Pictures, Revisited

An artwork by Sherrie Levine, titled Untitled (President: 4) from the Collection of the Metropolitan Museum of Art in New York, dated 1979.

Sherrie Levine, Untitled (President: 4), 1979. Collection of The Metropolitan Museum of Art, New York

The Metropolitan Museum of Art, New York

2020–2021

October 19, 2020–May 9, 2021 
 
On the occasion of the Museum’s 150th anniversary, Pictures, Revisited (2021) provocatively expands on The Met’s landmark 2009 exhibition The Pictures Generation, 1974–1984, which was the first major museum initiative to trace the art of appropriation through a complex network of practitioners, including Sherrie Levine, Richard Prince, and Louise Lawler. These colleagues, collaborators, and sometimes classmates used appropriation to upend traditional notions of authorship and originality. 
 
The current exhibition takes a deep dive into The Met’s rich collection of contemporary photography to explore photographic strategies of visual appropriation. The show’s twenty-nine works are comprised of images snipped from magazines, staged, or copied outright from other artworks.
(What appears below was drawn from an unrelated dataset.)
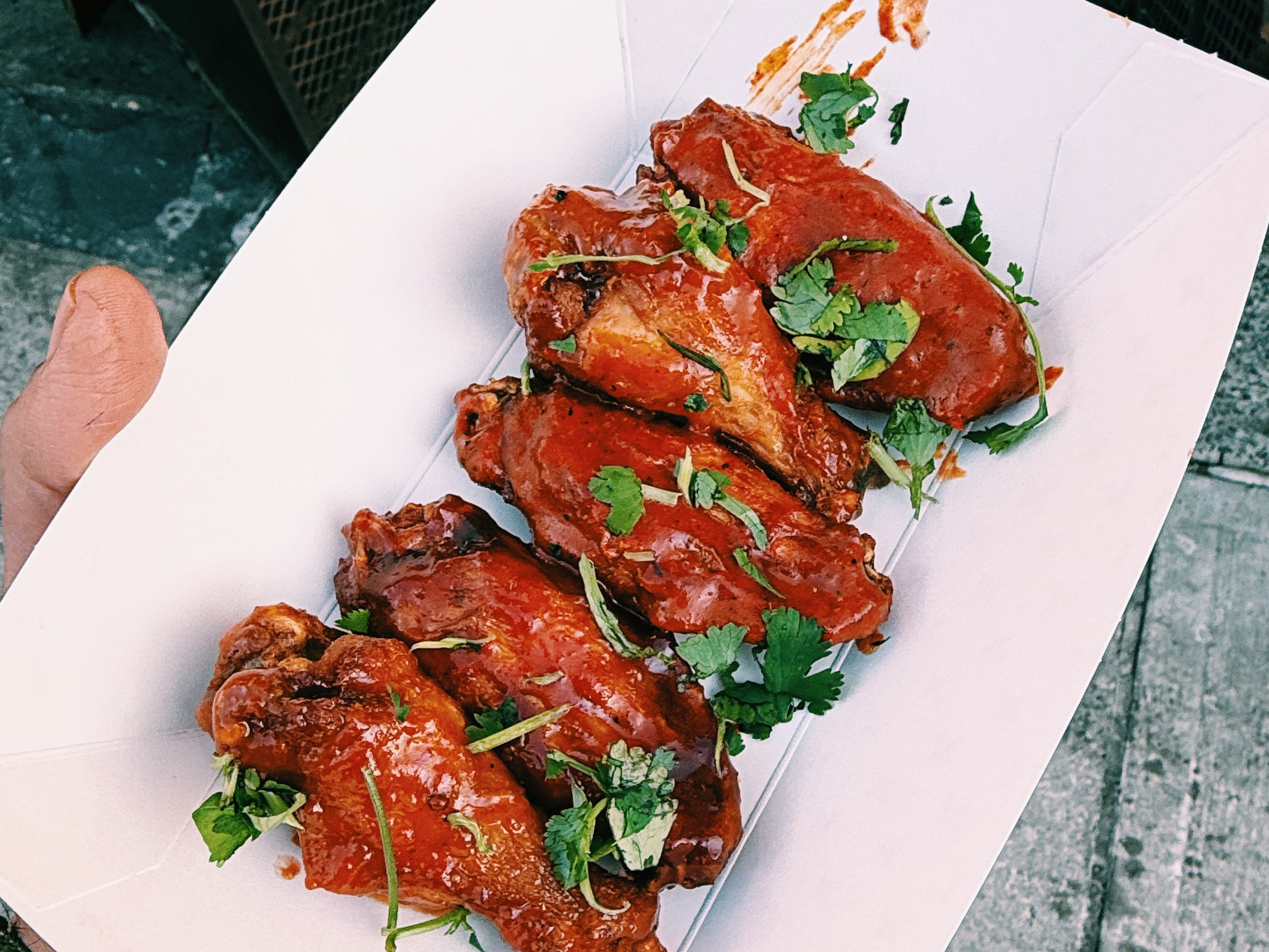 6 Pakistani Flavor Wings.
Drawing equally from pop culture and art history, the featured artists manipulate familiar photographs, ads, logos, and tropes, decontextualizing and reusing the imagery in their work. The works in Pictures, Revisited offer an antidote to the anxiety of influence—the fear that there is nothing new under the sun. In a world increasingly mediated by images, this exhibition suggests that there is no such thing as an original picture.